6. Austyn J.M. New insight into the mobilization and phagocytic activity of dendritic cells//J. Exp.Med.,1996, p. 1287-1292.

7. Benjamini E., Sunshine G., Leskowitz S. Immunology, a short course. WILEYLISS, New York, 1996, 451 p.

б) рекомендуемая слушателям и курсантам для самостоятельной работы по теме лекции:

1. Петров Р.В. Иммунология. – М.: Медицина, 1987..

2. Ройт А. Основы иммунологии. М.:Мир, 1991.- 328 с.

3. Фрейдлин И.С. Иммунная система и ее дефекты. СПб.:НТФФ «Полисан»,1998. -–111 с.

4. Фрадкин В.А. Аллергодиагностика in vitro. – М.: Медицина, 1975.

Наглядные пособия: схемы, таблицы и слайды в соответствии с каталогом кафедры.

Технические средства обучения: кодаскоп.

Подпись автора______________________

«_______»________________ 1999 г.

Введение.

Основное действующее лицо иммунной системы -лимфоцит. Он решает главную задачу иммунитета: распознавание антигена и его элиминацию. Т-лимфоциты осуществляют клеточные реакции иммунитета, направленные против внутриклеточных паразитов (микобактерий туберкулеза, грибов простейших, вирусов), а также в качестве помощников участвуют в развитии гуморального иммунного ответа.
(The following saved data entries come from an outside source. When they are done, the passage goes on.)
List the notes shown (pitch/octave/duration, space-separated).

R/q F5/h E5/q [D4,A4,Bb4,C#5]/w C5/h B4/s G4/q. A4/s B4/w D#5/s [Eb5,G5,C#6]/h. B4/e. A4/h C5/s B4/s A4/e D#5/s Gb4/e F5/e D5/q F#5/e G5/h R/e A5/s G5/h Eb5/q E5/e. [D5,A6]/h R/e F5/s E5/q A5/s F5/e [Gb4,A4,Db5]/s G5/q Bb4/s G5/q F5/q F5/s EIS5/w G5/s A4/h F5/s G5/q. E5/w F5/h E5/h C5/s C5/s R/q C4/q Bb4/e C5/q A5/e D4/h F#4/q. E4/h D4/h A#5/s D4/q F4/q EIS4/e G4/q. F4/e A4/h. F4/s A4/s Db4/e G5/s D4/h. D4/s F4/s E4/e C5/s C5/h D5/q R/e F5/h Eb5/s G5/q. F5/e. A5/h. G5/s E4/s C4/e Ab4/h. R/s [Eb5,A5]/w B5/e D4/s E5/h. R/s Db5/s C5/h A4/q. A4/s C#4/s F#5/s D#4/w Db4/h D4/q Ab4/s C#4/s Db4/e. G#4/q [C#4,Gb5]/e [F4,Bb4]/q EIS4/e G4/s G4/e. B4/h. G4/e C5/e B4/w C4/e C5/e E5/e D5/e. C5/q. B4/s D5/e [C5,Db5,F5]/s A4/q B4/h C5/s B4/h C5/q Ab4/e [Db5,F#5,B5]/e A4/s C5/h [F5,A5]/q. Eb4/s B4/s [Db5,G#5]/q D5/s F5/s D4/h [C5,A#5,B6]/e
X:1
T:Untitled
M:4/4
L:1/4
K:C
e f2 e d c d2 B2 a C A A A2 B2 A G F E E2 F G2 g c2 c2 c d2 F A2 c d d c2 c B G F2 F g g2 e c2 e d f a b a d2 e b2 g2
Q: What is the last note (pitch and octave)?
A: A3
Лимфоциты – единственные из клеток крови, которые имеют обязательную двухэтапную дифференцировку: первый этап – лимфопоэз (на территории органов лимфопоэза – костного мозга и тимуса), второй этап – иммуногенез. Иммуногенез – это продолжение дифференцировки лимфоцита (любого) после того, как он распознает и свяжет свой антиген.

Лимфопоэз – антигеннезависимый этап дифференцировки.

Иммуногенез – антигензависимый этап продолжения дифференцировки.

Поверхностный рецепторный аппарат Т-лимфоцитов.

Синтез и экспрессия на мембране лимфоцита антигенраспознающего рецептора происходит во время лимфопоэза, т.е. в отсутствии антигена. В результате пожизненно идущего лимфопоэза здоровый организм млекопитающего формирует >109вариантов клонов лимфоцитов. Каждый клон лимфоцитов (все клетки клона – дочерние клетки одного лимфоцита, поделившегося правильным митозом, следовательно, тождественны друг другу) экспрессирует один единственный вариант антигенсвязывающего рецептора, т.е. каждый единичный лимфоцит предназначен для одного, своего антигена. Это уникальное свойство лимфоцитов, таким свойством не обладают никакие другие клетки многоклеточных организмов.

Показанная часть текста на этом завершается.